Using qualitative exploratory and quantitative validated questionnaires, investigators saw preparation and assessment time reduced by one-third, with a 60% increase in patient encounters to subspecialty services, compared with the period prior to the COVID-19 pandemic.
Osman Ipsiroglu, MD, PhD, FRCPC
After implementing a quality improvement project during the COVID-19 pandemic, investigators saw a reduction in preparation/assessment time and more timely identification for patients at risk for sleep disorders, which allowed for better evidence-based treatment recommendations during the wait time for subspecialty services.1
Presented at the World Sleep Congress, March 11-16, in Rome, Italy, the study aimed to complete a few objectives, including characterizing patient load of a sleep/behavior clinic before and during the pandemic, identifying risk factors that could be then targeted at the referral level, understanding the needs of children and patients, and offering more individualized support to them.
In their quality improvement project, lead investigator Osman Ipsiroglu, MD, PhD, FRCPC clinical associate professor, British Columbia Children’s Hospital Research Institute, and colleagues evaluated children and adolescents with neurodevelopmental and psychiatric disorders, aged 2-19 years old, who underwent five 35-or-more hour weeks of ambulatory one-to-one service prior to and during the clinical shutdown.
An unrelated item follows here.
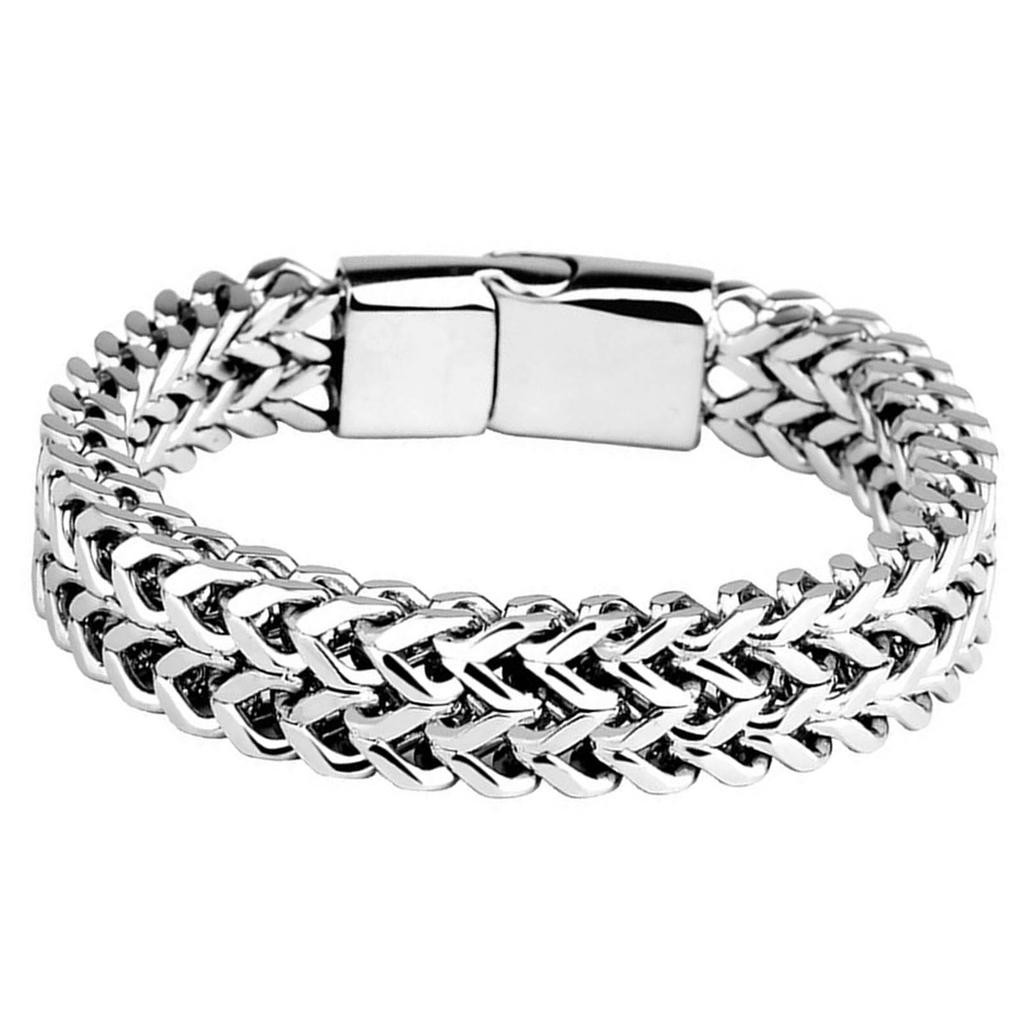 Titanstahl Magnetarmband Doppelreihe Magnete Armband Silber Modeschmuck Geschenk für Männer 19cm 7.48in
Investigators then added a restructured intake process with qualitative exploratory and quantitative validated questionnaires and assessed their impact on clinical care via virtual home visits and medication strategies.
The implementation of the revised intake and triage resulted in 108 patient encounters via telehealth, a 33% increase from the 81 patient encounters prior to the pandemic. This included short follow-ups by ad hoc phone calls. Prepandemic encounters that scheduled over 5 weeks of service delivery required on average 2.4 hours (165 hours in 24 workdays; without time allocation for breaks, additional administrational tasks, and CME events).
"Red-flagged" patients, those who are 9-1-1 call eligible at any clinical worsening or needed on average 2-3 times more allocated time per patient, represented 18 of the 81 pre-COVID encounters (22%). Following the new process, the number of red-flagged patients increased by 79%. Furthermore, investigators saw preparation and assessment time cut by one-third, new patient encounters increased by 60%, and follow-ups reduced by 32%.
Ipsiroglu and his colleagues identified several main themes in their research, including the following:
Among those analyzed for medication strategies (n = 41), 81% had been medicated for disorders of initiating and maintaining sleep (n = 39) and sleep/wake-transition disorders (n = 37). Less than half (n = 17; 41%) of patients used medications such as melatonin to initiate sleep. Although, most of these patients used them concomitantly with other sleep medications and psychotropics (stimulants: 24%; selective serotonin reuptake inhibitors: 22%; antipsychotics: 15%).
No more than 6 medications were used at once for those who crossed medications for initiating sleep and other sleep medications. More than half (n = 24; 59%) of the patients included were subject to polypharmacy. In total, 40 and 22 patients, had symptoms of Restless Legs Syndrome (RLS)-induced insomnia and sleep disordered breathing, however, only 3 and 1 of each were on iron supplementation and a nasal spray, respectively.